Use Nokogiri to replace >?

2019-05-18 13:53发布

问题:

How can I use nokogiri to replace all img tags with image tags? This is to utilize Rails' ability to plugin the correct asset server automatically?

require 'nokogiri'

class ToImageTag

  def self.convert
    Dir.glob("app/views/**/*").each do |filename|
      doc = Nokogiri::HTML(File.open(filename))
      doc.xpath("//img").each |img_tags|
        # grab the src and all the attributes and move them to ERB
      end

    # rewrite the file
    end

  rescue => err
    puts "Exception: #{err}"
  end

end

回答1:

Somewhat inspired by maerics' response, I've created a script that does this. It doesn't have an issue with HTML entities because it only uses the nokogiri output as a guide for replacement. The actual replacement is done by using String#gsub!
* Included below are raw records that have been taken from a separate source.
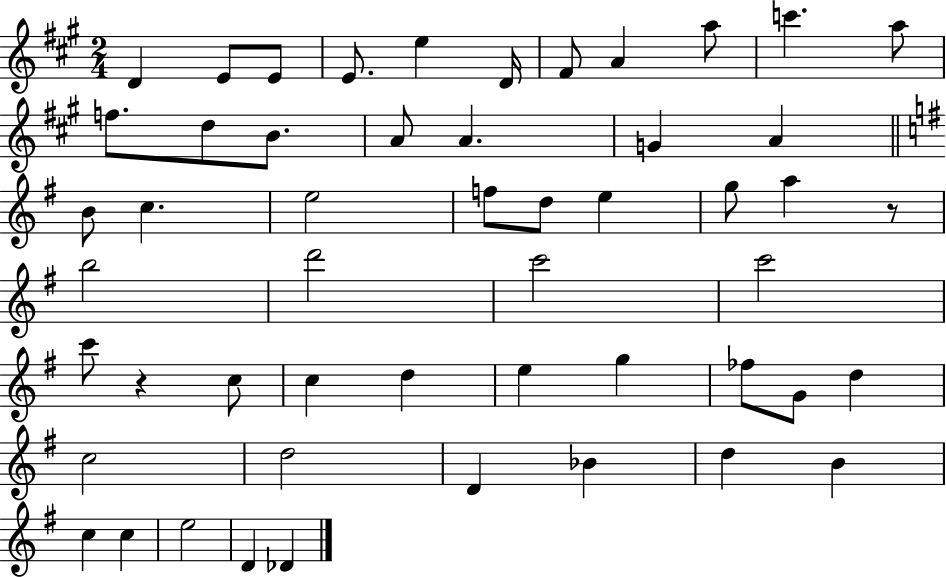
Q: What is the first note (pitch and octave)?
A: D4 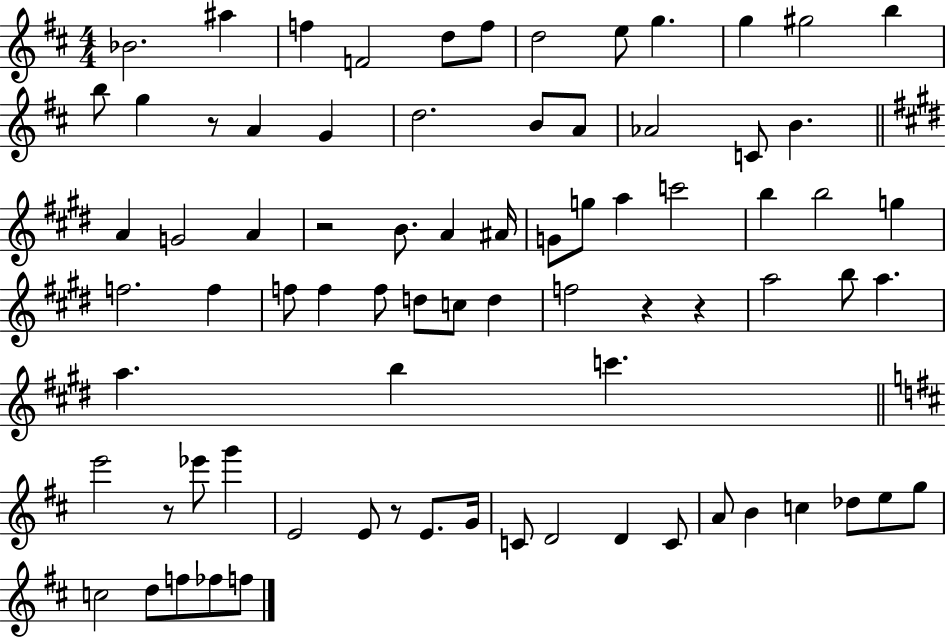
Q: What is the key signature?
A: D major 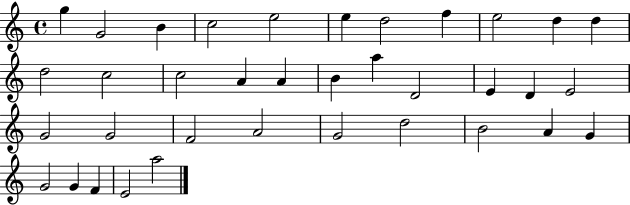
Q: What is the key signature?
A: C major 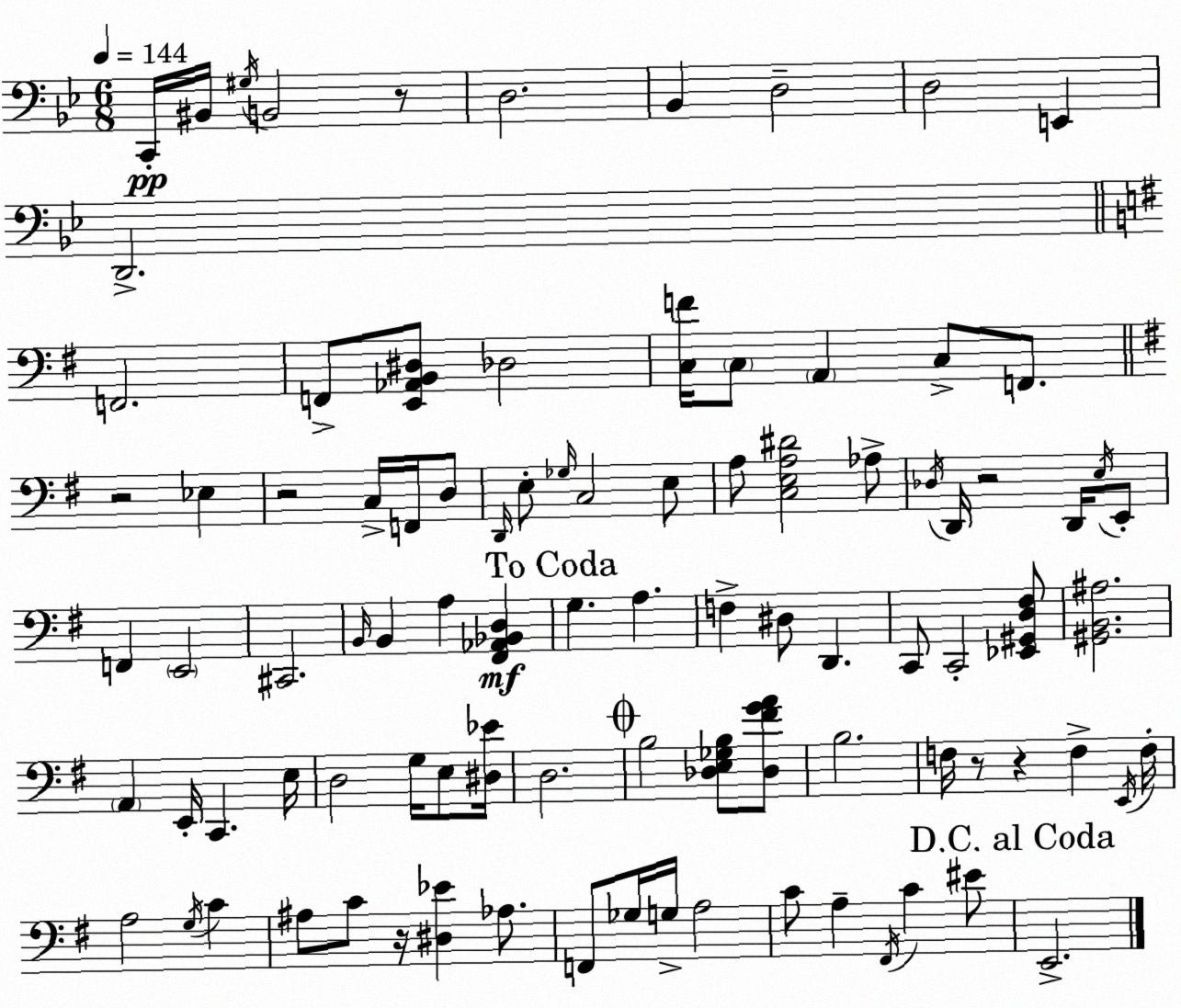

https://gist.github.com/1254319



回答2:

The closest I can come up with is as follows:

# ......
Dir.glob("app/views/**/*").each do |filename|
  # Convert each "img" tag into a text node.
  doc = Nokogiri::HTML(File.open(filename))
  doc.xpath("//img").each do |img|
    image_tag = "<%= image_tag('#{img['src']}') %>"
    img.replace(doc.create_text_node(image_tag))
  end
  # Replace the new text nodes with ERB markup.
  s = doc.to_s.gsub(/(&lt;%|%&gt;)/) {|x| x=='&lt;%' ? '<%' : '%>'}
  File.open(filename, "w") {|f| f.write(s)}
end

This solution will wreak havoc on any files which contain the sequences "&lt%" or "%&gt;" (e.g. if you're describing ERB syntax in HTML). The problem is that you're trying to use an XML parser to replace an XML node with text that must be escaped, so I'm not sure you can do much better than this, unless there is some hidden "raw_outer_xml=(str)" method.

You're best overall bet is to write a custom SAX parser which simply echoes the data given to your callbacks (or stores it in a string buffer) unless it is a "start_element" with an "img", in which case it will write the ERB sequence.